Le manga surréaliste japonais Batman de Jiro Kuwata. Celui-ci estcertainementtrop bizarre pour que DC permette une adaptation directe - mais bon sang, si vous êtes cinéaste et que vous voulez quelque chose qui vous inspire pour repousser les limites, vousavoirpour creuser Jiro Kuwata. En 1966 et 1967, Kuwata a créé des histoires de Batman et Robin pour un éditeur de mangas japonais, et elles sont vraiment quelque chose à voir. Il y a des méchants surnaturels du yoga, des enterrements vivants, des géants télépathiques – sans parler des belles techniques de dessin au crayon de manga. Dans un monde parfait, nous aurions un film Batman en japonais réalisé par Takashi Miike, mais on ne peut pas en demander beaucoup.

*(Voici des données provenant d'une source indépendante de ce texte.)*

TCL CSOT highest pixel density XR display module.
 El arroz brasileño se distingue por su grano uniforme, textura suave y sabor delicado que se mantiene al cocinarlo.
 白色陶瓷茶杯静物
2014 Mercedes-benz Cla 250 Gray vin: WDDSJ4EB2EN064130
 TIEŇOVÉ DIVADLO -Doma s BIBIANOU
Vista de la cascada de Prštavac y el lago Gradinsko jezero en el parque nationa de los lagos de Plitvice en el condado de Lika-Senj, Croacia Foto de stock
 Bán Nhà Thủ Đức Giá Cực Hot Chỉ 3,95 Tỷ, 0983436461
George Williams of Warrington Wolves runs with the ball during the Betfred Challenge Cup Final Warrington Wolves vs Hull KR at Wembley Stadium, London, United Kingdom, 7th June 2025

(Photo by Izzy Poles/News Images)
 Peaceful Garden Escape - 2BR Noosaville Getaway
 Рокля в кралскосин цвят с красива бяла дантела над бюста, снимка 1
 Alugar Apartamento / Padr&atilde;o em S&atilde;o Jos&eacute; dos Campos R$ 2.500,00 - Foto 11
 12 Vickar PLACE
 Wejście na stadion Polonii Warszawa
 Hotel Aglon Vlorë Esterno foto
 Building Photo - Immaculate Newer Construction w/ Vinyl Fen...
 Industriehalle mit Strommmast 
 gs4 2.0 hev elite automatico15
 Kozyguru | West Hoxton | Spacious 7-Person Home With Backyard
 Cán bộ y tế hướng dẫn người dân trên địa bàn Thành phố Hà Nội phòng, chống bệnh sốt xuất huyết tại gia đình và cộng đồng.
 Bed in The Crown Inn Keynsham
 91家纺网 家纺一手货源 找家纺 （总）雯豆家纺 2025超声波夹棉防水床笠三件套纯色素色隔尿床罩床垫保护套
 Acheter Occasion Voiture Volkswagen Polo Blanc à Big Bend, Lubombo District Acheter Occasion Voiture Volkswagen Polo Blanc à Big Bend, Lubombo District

Bien sûr, la liste des points de vue non-Miller est longue. Il existe autant d’interprétations de Batman qu’il y a d’étoiles dans le ciel de Gotham City. Maintenant que les films de super-héros sont omniprésents et que tout le monde connaît les principes fondamentaux du personnage de Batman, nous méritons un film Batman qui prend des risques innovants.Le retour du chevalier noiretPremière annéeont atteint leur objectif. Accrochons leurs maillots aux chevrons et découvrons quelque chose de vraiment nouveau pour le grand écran.